Narrative Essay about My First Camping Trip

📌Category: Experience, Life, Myself, Traveling
📌Words: 581
📌Pages: 3
📌Published: 02 April 2022

I took my first camping trip the summer before my senior year of high school. The trip marked nothing significant other than a respite from the annual beach trips my family typically took during the summer, and I hardly minded that; if our “new normal” was divorced from sand, so much better for me. But despite the trip's apparent insignificance, I found myself in a unique phase of my life. I was coming of age. My journal from that year documents movie lists, love letters, places to travel, and embarrassingly angsty poetry, but also a growing awareness and concern for the nation’s political and cultural landscape. I was on the cusp of adulthood but hadn’t yet made the plunge. This camping trip would prove significant when it prompted me to make it. 

I traveled with my parents and the Sanders family, a married couple we had known since I was in Pampers. These fifty-something “boomers” are considered ignorant and insensitive by my “woke” generation. They’re labeled angry followers of outdated ideals, unequipped without a proper college education. Somehow, their life experiences are overlooked, yet these lent to the incredible stories they told around the campfire on starry nights. Anna Sanders often regaled hilarious tales of her Italian mother, ousted from the church choir for belting the wrong words to “Holy, Holy Holy”, and her Irish father, who drove his wife to practice promptly each day regardless. Charlie Sanders animated stories about his vagabond boyhood spent roaming the streets rather than the web, and my goofy dad’s oddly extensive arsenal of old commercial jingles was an education. 

I devoured these stories of joy, struggle, and adventure and still craved more. They were relics of simpler times, preserved from the political turmoil that had infringed upon my life for years. These adults - wise sages - seemed as stoic and immovable to me as pillars, and I think a part of me naively assumed they would shield me until the world sustained some kind of order.

Though I assumed I could burrow my head in the sand and live my life unburdened by conflict, it caught up to me one evening. The campfire camaraderie drew to a close as my mom read aloud a news article announcing that the organization Black Lives Matter was trying to cancel Mary Poppins owing to the fact that the chimney sweeps sported “black face.” 

At this, I raised myself from the comfy position I’d assumed in a chair by the fire and blurted out, “It was soot! They’re chimney sweeps!”

But my shock soon gave way to an overwhelming sense of foreboding. While the adults discussed, I slipped into the tent, burying myself under the covers of the makeshift bed with my journal. 

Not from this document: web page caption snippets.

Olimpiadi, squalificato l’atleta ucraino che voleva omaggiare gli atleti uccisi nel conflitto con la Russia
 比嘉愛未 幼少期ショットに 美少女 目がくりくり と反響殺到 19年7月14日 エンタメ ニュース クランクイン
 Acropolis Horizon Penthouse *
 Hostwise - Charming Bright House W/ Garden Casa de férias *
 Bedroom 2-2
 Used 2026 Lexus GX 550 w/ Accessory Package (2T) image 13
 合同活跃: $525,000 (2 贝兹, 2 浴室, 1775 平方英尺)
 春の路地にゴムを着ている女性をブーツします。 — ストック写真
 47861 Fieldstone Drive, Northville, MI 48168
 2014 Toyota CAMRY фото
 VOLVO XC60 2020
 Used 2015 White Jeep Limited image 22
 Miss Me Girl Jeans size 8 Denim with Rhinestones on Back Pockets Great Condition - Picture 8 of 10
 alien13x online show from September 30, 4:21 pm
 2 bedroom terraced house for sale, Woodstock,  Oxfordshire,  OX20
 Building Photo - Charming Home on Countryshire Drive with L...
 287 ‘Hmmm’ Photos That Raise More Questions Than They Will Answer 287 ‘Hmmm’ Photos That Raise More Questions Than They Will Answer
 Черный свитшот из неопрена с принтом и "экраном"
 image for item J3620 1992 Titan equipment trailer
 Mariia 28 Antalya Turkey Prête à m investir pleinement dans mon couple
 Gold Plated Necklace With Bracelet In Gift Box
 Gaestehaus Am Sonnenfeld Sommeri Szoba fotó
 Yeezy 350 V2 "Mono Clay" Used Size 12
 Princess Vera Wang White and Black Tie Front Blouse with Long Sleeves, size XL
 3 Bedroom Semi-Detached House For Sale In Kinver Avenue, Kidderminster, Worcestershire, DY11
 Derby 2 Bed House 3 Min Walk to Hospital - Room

“Mary Poppins is too close to home,” I scribbled, fighting back tears,” As silly as it sounds, taking her away feels like another piece of my security blanket being ripped from my hands.”

That trifling, little article shattered my illusions about ever "returning to normal". The canceling of Mary Poppins represented something irrevocable. After a long time spent contemplating my "ignore it until it goes away" philosophy, I came to the realization that I couldn't watch while others fought for the things I loved. Taking a deep breath, I dried my eyes and pushed myself out of the tent, determined to be stronger, smarter, and more tenacious.

I’ve since learned that enjoyment of my family’s stories pales in comparision to the satisfaction and security gained from understanding truth and articulating it. At seventeen, I feared my lack of understanding about the issues I heard about and read, not the issues themselves. Now, each day I go to class or devour another book, I am forging my armor and preparing to enter battle, as is my responsibility.